What are we now to understand by destruction of the enemy's Army? A
diminution of it relatively greater than that on our own side. If we
have a great superiority in numbers over the enemy, then naturally the
same absolute amount of loss on both sides is for us a smaller one than
for him, and consequently may be regarded in itself as an advantage. As
we are here considering the combat as divested of all (other) objects,
we must also exclude from our consideration the case in which the combat
is used only indirectly for a greater destruction of the enemy's force;
consequently also, only that direct gain which has been made in the
mutual process of destruction, is to be regarded as the object, for this
is an absolute gain, which runs through the whole campaign, and at the
end of it will always appear as pure profit. But every other kind of
victory over our opponent will either have its motive in other objects,
which we have completely excluded here, or it will only yield a
temporary relative advantage. An example will make this plain.

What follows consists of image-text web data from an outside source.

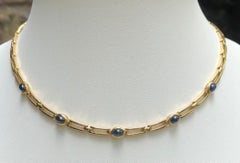 Cabochon Blue Sapphire Necklace Set in 18 Karat Gold Settings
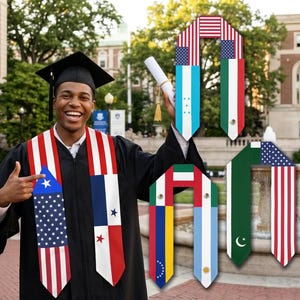 Könnte beinhalten: Ein lächelnder Absolvent in schwarzer Robe und Hut zeigt auf eine Abschluss-Schärpe mit dem Design der amerikanischen Flagge. Andere Schärpen zeigen Flaggen verschiedener Länder. Der Absolvent hält ein Diplom mit einer goldenen Quaste.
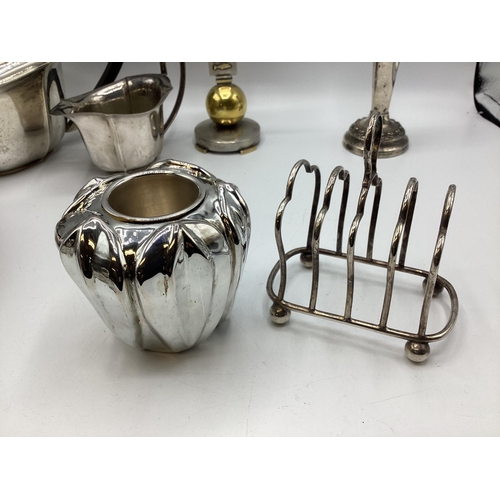 112 - A collection of sterling silver and white metal items to include three piece tea set a boxed pair of... 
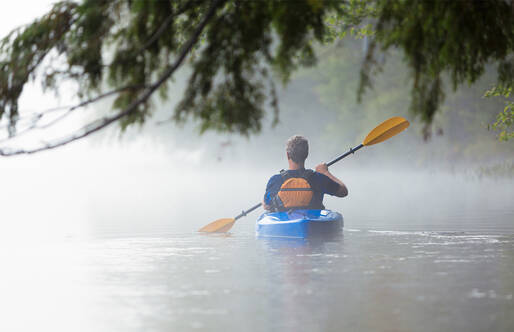 man kayaking in pond 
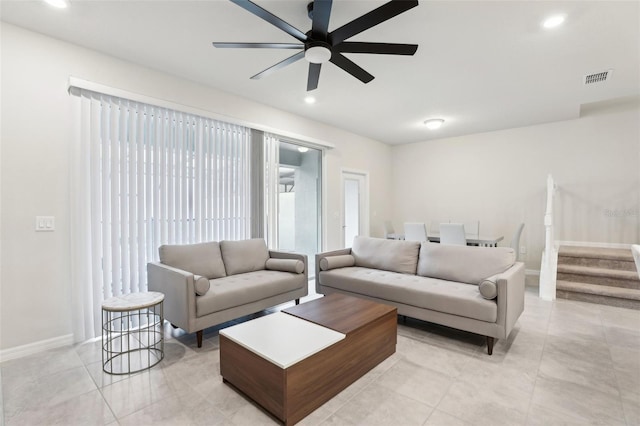 living room with light tile patterned floors and ceiling fan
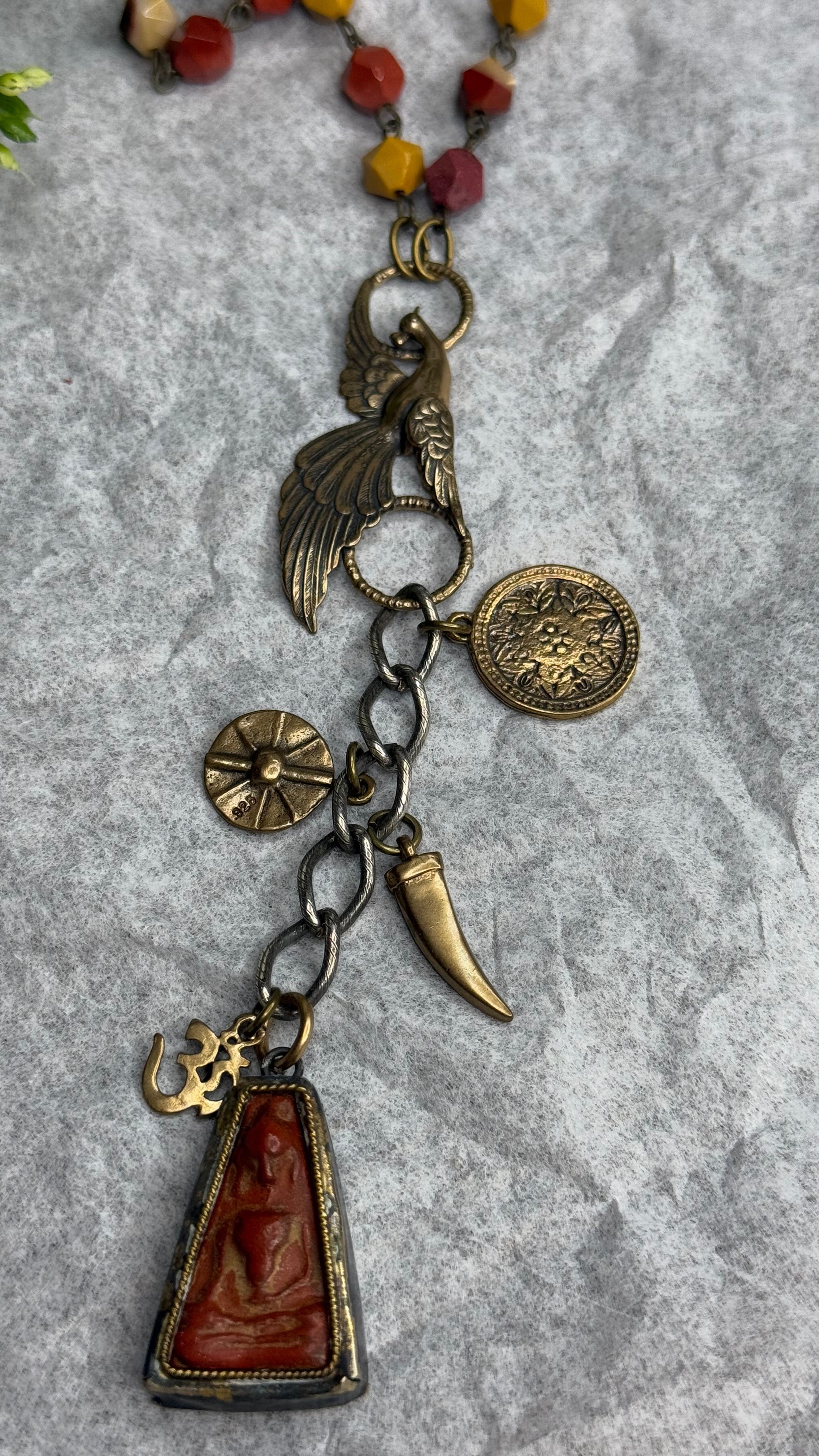 Necklace with various charms on a textured gray surface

If by a skilful disposition we have reduced our opponent to such a
dilemma, that he cannot continue the combat without danger, and after
some resistance he retires, then we may say, that we have conquered
him at that point; but if in this victory we have expended just as many
forces as the enemy, then in closing the account of the campaign, there
is no gain remaining from this victory, if such a result can be called
a victory. Therefore the overcoming the enemy, that is, placing him in
such a position that he must give up the fight, counts for nothing in
itself, and for that reason cannot come under the definition of object.
There remains, therefore, as we have said, nothing over except the
direct gain which we have made in the process of destruction; but to
this belong not only the losses which have taken place in the course of
the combat, but also those which, after the withdrawal of the conquered
part, take place as direct consequences of the same.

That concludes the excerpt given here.